### ACTIVITY
Scan the entries below for the word "Natural". Copy each line that has it.

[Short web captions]

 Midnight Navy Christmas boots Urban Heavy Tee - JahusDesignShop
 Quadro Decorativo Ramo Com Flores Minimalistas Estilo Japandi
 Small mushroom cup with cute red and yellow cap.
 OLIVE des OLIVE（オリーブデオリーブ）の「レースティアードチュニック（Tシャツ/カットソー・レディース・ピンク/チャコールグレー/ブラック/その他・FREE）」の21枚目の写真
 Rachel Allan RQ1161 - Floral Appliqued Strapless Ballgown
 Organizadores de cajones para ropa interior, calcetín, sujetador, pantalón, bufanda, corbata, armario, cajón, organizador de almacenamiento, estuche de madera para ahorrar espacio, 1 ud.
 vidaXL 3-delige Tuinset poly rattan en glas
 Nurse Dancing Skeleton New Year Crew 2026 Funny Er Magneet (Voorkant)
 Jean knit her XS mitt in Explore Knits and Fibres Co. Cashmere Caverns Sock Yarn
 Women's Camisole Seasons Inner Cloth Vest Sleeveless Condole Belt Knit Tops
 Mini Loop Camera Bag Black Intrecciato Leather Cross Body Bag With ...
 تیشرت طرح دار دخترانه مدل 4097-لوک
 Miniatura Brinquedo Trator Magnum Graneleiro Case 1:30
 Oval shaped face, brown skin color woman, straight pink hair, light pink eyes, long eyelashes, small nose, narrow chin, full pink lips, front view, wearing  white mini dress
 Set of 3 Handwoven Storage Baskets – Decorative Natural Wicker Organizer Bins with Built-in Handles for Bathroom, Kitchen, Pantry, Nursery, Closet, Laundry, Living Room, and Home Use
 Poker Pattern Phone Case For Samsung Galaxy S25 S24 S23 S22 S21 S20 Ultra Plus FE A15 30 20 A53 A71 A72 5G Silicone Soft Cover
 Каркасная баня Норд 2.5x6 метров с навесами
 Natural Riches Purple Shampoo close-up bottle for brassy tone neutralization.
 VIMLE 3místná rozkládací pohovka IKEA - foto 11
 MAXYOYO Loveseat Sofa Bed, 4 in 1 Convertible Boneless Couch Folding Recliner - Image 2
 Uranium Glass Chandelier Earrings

### RESPONSE AREA
 Set of 3 Handwoven Storage Baskets – Decorative Natural Wicker Organizer Bins with Built-in Handles for Bathroom, Kitchen, Pantry, Nursery, Closet, Laundry, Living Room, and Home Use
 Natural Riches Purple Shampoo close-up bottle for brassy tone neutralization.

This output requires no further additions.